### [TASK TO CARRY OUT]
From the records below, transcribe exactly the lines that begin at the line with "정규 '교회'(1955). 국립현대미술관 제공" and end at the line with "Ver imagem 1", both included.

*** TASK INPUTS ***

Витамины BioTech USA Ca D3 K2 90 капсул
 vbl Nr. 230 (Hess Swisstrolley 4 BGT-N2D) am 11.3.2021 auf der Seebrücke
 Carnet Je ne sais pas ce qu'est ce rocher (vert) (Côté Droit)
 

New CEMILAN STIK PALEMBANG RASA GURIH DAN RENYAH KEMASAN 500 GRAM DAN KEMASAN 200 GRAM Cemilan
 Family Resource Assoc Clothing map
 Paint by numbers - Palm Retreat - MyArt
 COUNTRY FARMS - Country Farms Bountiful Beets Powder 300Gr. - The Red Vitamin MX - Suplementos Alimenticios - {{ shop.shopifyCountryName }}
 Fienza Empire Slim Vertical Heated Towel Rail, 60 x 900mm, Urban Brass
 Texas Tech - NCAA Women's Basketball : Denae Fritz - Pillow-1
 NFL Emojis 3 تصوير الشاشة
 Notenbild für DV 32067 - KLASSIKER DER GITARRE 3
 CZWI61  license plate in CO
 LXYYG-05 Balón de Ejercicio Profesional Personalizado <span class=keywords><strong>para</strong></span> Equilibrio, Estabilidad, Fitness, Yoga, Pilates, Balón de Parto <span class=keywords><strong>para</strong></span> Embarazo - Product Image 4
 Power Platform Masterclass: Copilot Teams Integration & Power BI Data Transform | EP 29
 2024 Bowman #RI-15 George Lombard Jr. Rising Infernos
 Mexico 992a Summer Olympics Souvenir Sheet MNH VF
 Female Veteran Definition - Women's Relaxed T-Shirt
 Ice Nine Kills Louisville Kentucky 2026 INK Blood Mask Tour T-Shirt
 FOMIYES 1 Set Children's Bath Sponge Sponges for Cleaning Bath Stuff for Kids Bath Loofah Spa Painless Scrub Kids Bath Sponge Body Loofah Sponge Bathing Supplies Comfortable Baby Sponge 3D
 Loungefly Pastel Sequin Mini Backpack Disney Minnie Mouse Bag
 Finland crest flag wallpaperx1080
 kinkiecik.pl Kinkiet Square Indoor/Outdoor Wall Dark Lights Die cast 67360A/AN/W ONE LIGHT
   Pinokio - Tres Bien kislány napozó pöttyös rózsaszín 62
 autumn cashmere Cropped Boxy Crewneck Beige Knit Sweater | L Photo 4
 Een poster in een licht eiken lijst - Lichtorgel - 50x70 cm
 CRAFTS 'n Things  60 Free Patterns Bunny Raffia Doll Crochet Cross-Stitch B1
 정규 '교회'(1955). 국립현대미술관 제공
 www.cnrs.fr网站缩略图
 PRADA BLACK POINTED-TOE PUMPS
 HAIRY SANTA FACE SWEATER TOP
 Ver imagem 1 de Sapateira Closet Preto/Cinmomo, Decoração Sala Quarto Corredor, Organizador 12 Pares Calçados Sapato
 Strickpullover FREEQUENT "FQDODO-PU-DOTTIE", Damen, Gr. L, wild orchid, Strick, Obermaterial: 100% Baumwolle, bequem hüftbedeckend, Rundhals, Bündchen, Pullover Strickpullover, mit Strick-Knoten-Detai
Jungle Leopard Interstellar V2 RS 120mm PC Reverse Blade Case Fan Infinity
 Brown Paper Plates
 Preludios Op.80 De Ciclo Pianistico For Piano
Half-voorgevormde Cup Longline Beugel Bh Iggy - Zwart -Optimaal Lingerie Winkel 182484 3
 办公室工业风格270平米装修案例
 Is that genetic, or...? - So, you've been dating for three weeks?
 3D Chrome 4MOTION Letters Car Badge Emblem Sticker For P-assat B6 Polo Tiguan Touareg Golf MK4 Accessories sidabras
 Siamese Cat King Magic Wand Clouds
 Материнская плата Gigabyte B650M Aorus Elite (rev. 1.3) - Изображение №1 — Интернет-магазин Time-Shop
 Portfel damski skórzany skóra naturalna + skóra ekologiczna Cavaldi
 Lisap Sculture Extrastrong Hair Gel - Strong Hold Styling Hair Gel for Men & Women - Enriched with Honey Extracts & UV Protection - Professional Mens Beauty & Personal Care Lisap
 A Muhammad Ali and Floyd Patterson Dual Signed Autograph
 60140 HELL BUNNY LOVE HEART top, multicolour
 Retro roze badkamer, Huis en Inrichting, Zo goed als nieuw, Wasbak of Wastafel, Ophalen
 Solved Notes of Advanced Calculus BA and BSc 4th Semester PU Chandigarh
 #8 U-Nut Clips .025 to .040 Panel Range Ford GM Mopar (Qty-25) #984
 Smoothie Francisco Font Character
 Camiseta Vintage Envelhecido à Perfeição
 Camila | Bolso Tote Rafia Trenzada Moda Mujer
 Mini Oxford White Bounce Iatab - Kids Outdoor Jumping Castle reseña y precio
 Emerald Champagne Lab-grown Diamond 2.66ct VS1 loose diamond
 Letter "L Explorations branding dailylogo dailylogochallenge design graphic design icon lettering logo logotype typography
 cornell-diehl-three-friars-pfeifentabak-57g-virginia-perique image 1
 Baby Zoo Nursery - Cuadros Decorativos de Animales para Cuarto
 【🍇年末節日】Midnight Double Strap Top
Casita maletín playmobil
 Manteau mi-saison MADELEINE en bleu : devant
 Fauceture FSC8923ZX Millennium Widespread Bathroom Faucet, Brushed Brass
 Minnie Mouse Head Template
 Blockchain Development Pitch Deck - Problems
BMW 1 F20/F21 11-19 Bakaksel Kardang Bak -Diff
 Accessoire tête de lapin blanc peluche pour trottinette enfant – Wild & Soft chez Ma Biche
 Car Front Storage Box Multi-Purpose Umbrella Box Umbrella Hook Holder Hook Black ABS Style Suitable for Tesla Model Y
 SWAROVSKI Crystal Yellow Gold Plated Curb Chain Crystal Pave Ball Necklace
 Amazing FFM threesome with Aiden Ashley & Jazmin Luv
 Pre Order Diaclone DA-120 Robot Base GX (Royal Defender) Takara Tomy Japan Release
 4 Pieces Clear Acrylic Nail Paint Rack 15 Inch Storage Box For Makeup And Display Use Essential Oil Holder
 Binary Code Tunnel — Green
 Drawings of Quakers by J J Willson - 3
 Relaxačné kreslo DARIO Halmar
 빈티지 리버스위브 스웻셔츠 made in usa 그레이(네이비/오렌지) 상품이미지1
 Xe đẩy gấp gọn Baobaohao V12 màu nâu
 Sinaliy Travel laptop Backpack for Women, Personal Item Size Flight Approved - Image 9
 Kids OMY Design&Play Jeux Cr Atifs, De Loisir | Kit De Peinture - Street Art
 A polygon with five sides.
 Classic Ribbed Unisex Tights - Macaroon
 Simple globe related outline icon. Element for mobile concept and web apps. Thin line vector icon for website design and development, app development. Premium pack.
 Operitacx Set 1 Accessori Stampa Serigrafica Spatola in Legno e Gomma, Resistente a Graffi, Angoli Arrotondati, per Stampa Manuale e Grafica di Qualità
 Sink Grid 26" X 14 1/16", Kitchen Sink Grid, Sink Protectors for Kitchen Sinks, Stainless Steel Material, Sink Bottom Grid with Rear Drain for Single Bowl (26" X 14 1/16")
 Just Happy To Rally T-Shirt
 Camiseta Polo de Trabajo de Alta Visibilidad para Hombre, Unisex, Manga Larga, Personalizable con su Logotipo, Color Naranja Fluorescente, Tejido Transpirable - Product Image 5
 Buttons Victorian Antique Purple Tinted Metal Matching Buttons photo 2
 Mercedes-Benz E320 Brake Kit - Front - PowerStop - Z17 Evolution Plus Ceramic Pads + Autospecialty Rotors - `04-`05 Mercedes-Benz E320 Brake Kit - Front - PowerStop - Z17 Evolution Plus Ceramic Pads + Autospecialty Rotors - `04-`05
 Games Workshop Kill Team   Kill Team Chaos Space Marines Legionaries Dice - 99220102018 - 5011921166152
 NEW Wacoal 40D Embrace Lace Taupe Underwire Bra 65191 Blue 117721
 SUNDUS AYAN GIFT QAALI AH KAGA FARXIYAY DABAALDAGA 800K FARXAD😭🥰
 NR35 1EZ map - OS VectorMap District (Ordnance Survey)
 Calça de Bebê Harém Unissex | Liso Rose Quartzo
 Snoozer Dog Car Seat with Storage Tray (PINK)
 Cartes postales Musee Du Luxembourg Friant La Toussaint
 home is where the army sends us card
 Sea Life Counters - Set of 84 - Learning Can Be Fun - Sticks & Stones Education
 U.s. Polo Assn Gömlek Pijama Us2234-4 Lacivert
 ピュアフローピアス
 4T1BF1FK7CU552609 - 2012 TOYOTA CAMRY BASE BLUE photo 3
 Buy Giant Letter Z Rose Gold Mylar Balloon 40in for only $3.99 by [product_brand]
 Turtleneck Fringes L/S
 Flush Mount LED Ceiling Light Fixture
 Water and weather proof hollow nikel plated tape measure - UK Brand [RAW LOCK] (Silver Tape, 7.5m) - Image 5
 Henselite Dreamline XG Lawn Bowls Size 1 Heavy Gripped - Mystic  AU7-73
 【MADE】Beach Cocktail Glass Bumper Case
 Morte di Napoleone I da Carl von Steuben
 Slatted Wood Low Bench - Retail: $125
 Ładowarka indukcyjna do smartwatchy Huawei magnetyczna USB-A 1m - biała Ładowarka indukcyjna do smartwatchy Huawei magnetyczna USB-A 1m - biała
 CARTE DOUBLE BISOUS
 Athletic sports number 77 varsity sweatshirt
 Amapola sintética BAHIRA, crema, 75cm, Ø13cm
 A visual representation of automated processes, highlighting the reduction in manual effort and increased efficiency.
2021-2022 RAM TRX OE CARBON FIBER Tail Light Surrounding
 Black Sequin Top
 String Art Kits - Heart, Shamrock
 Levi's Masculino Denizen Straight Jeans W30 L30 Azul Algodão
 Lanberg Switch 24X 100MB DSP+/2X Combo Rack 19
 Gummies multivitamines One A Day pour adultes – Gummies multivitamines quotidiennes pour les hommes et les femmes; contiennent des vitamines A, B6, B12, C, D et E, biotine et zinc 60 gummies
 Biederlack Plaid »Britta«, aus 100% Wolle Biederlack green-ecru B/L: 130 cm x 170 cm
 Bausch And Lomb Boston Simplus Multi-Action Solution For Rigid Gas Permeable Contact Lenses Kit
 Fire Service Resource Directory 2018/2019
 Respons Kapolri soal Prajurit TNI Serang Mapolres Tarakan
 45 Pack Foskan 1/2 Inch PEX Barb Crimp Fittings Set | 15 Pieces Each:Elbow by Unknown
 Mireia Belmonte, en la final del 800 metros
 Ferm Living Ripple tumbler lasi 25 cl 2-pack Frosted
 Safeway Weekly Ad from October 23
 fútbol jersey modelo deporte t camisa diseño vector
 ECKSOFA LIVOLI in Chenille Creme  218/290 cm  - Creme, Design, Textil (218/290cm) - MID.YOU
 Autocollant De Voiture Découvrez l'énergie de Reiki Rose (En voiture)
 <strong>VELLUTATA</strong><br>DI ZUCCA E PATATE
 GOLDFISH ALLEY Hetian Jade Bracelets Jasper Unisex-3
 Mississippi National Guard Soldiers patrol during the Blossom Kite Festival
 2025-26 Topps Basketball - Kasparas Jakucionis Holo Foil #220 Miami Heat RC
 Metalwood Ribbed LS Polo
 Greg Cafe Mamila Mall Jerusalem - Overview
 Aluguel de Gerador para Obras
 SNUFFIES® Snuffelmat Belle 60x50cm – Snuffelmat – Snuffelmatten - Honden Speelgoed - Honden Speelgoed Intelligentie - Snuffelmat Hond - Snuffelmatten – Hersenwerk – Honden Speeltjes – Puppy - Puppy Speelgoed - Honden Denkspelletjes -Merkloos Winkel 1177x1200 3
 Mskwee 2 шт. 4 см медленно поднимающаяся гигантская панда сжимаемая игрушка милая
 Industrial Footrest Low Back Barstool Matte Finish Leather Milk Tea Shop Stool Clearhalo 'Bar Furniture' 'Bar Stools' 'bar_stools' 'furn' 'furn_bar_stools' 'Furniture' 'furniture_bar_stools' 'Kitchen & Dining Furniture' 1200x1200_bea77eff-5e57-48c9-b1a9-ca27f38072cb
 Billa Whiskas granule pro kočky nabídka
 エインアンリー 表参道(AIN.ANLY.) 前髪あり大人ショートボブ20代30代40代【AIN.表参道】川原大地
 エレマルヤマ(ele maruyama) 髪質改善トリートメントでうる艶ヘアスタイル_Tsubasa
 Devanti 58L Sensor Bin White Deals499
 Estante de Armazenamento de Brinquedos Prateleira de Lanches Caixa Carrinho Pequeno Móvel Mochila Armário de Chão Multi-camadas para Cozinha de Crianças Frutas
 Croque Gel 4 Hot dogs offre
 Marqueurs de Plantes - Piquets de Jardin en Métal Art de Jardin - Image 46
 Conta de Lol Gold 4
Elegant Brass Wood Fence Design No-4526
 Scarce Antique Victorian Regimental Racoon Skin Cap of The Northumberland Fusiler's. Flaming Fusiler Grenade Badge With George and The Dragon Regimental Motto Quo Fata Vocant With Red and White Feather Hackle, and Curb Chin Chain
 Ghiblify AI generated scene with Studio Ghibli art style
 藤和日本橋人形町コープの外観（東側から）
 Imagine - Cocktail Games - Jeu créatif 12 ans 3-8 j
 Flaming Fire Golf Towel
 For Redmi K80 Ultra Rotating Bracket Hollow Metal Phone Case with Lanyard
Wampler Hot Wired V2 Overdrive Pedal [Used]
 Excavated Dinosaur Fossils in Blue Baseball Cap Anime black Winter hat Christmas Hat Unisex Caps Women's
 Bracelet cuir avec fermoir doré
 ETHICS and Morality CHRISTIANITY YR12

***

### [FINAL ANSWER]
 정규 '교회'(1955). 국립현대미술관 제공
 www.cnrs.fr网站缩略图
 PRADA BLACK POINTED-TOE PUMPS
 HAIRY SANTA FACE SWEATER TOP
 Ver imagem 1 de Sapateira Closet Preto/Cinmomo, Decoração Sala Quarto Corredor, Organizador 12 Pares Calçados Sapato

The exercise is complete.